Reggio Calabria: sequestrò e costrinse a prostituirsi una connazionale nigeriana: condannato in Appello a 19 anni


È caduta l’associazione a delinquere, ma l’inchiesta coordinata dal sostituto della Dda Sara Amerio ha retto anche in secondo grado e la Corte d’Assise d’Appello di Reggio Calabria ha condannato Favour Obazelu a 19 anni di carcere per i reati di riduzione in schiavitù, tratta di esseri umani, sequestro e violenza sessuale. Si è concluso così il processo a uno dei presunti boss della mafia nigeriana arrestato nel febbraio 2022 dalla squadra mobile perché accusato di aver reclutato una ragazza del suo Paese, di averla fatta entrare in Italia con l’inganno promettendole un posto di lavoro per poi costringerla a prostituirsi.

Il tutto dopo averle praticato il rito juju che, come ha più volte detto il pm in aula, “non ci deve fare sorridere. È qualcosa di violentissimo, di brutale: il taglio delle unghie, il taglio dei peli pubici, il sangue mescolato a una pozione che viene fatta bere. È caratterizzato da tutta una serie di rituali che ci sembrano usciti da un film dell’orrore. Eppure, sono reali”.

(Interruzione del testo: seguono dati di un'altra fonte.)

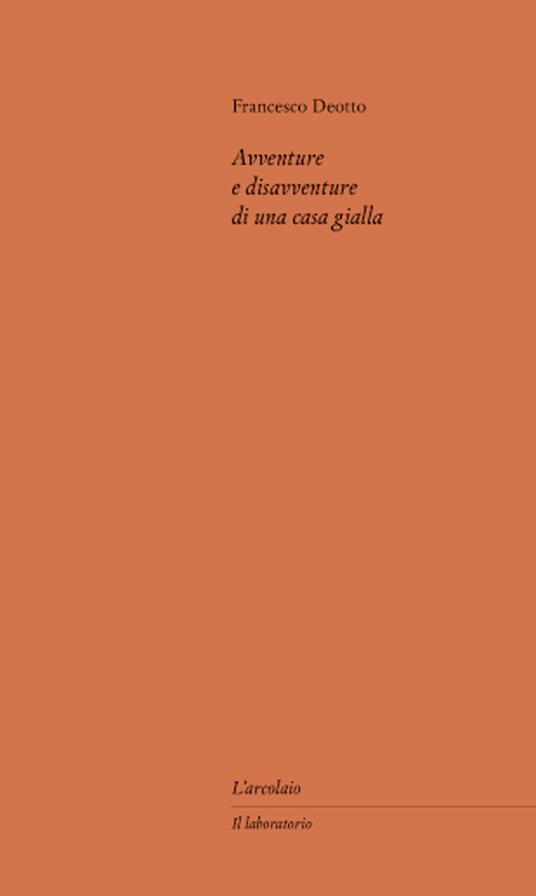 Avventure e disavventure di una casa gialla - Francesco Deotto - copertina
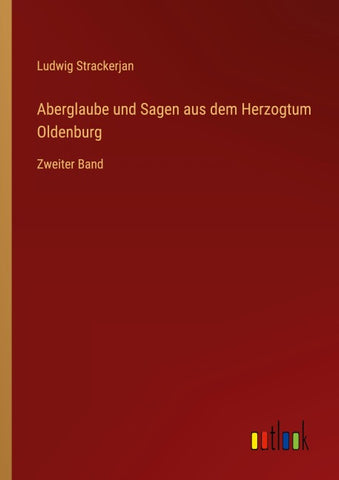 Aberglaube und Sagen aus dem Herzogtum Oldenburg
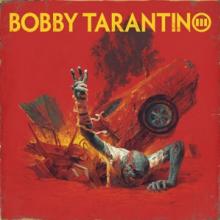  BOBBY TARANTINO III - supershop.sk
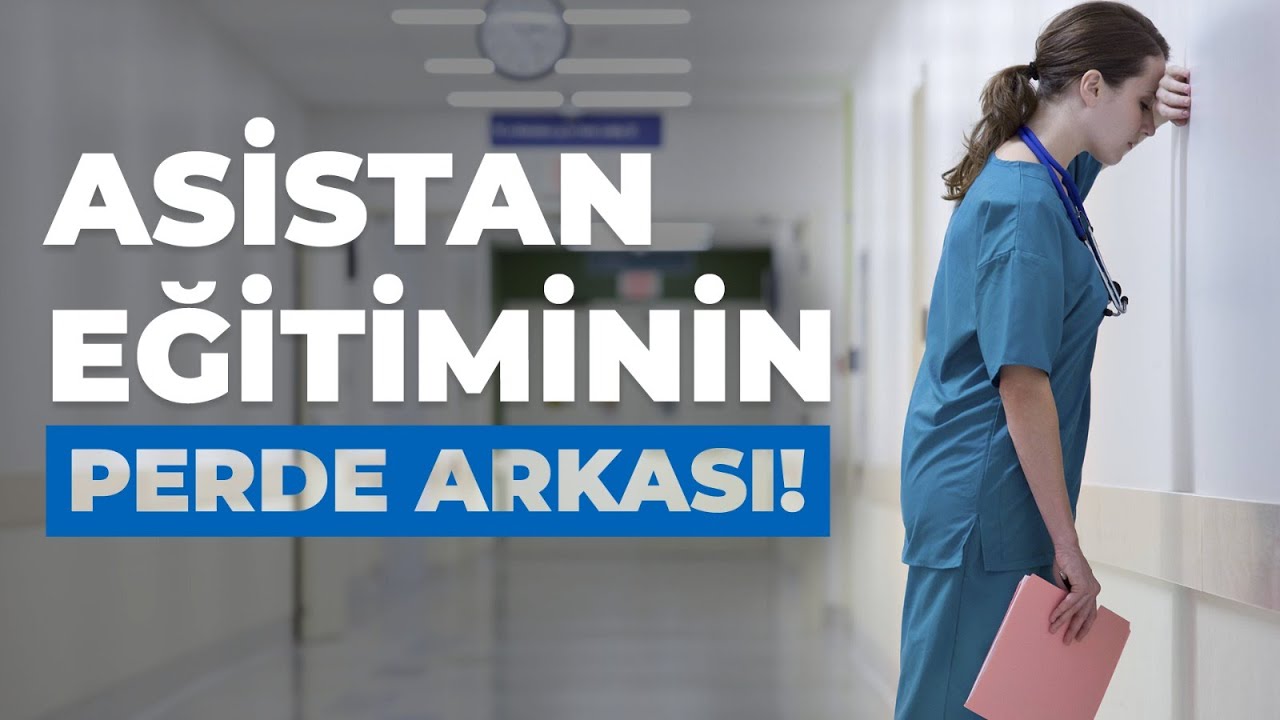 Asistan Eğitiminin Perde Arkası (Asistan Hekim)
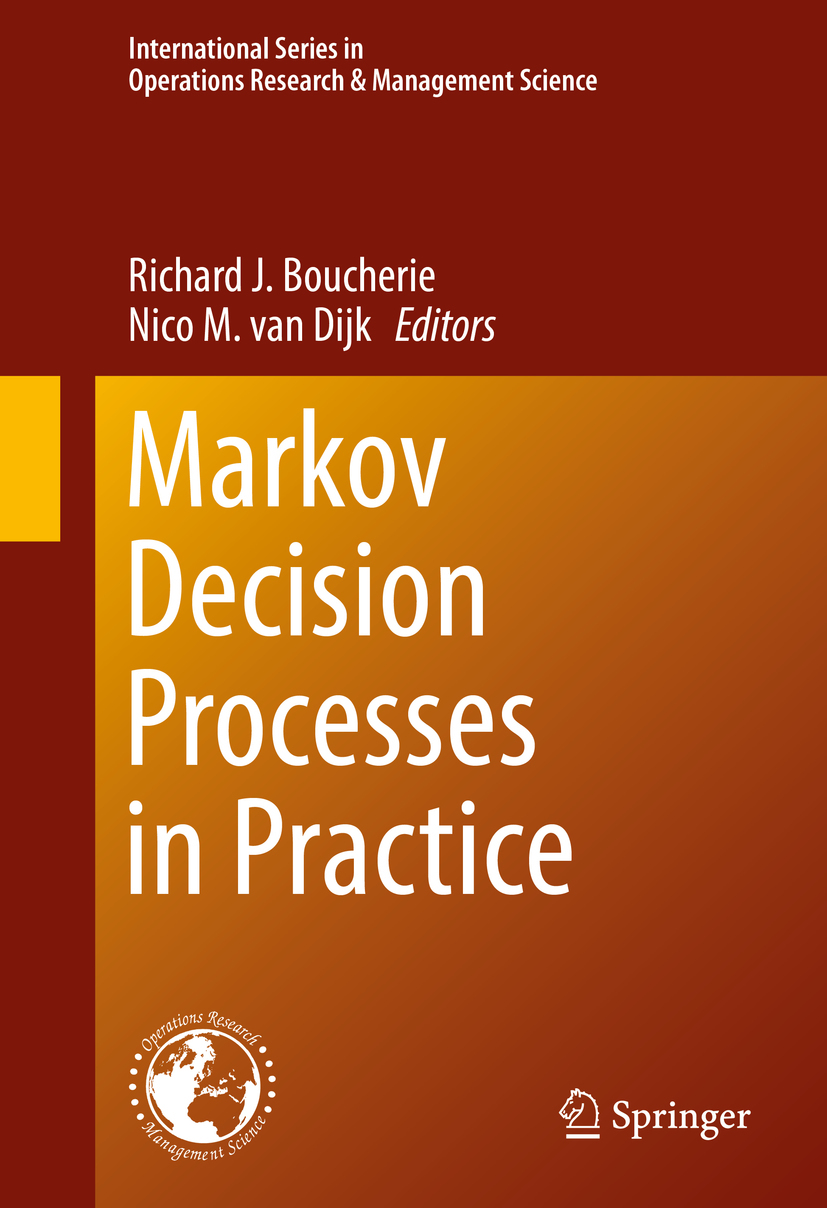 Boucherie, Richard J. - Markov Decision Processes in Practice, e-bok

Considerato il capo di un culto chiamato Supreme Vikings Confraternity e già coinvolto in un’inchiesta per associazione mafiosa della Dda di Bari, Favour Obazelu era stato condannato in primo grado a 26 anni di carcere. Secondo i magistrati, l’imputato era l’aguzzino di una ragazza nigeriana, una donna giovanissima che ha attraversato un viaggio nel deserto, è stata tenuta in campi di detenzione e sottoposta a vessazioni. Tutto questo prima di salire su un barcone e arrivare in Italia. Giunta a Reggio Calabria nel 2014 a bordo di una nave militare, la vittima è poi scappata dal centro di accoglienza grazie all’aiuto di alcuni connazionali ed è finita a Bari, in una “connection house” in cui le ragazze nigeriane venivano violentate e picchiate. Costretta a prostituirsi per ripagare il proprio debito di 25mila euro, la ragazza non è riuscita a farlo e le è stato sottratto anche un figlio nato dopo uno stupro subito da Favour Obazelu, l’imputato che si faceva chiamare coi soprannomi “Fred” e “Friday”. Per la Procura di Reggio Calabria, era lui che aveva organizzato tutto: dal rito voodoo al viaggio della speranza, fino allo sfruttamento della ragazza che, durante il processo, ha avuto il coraggio di ripetere in aula le angherie subite.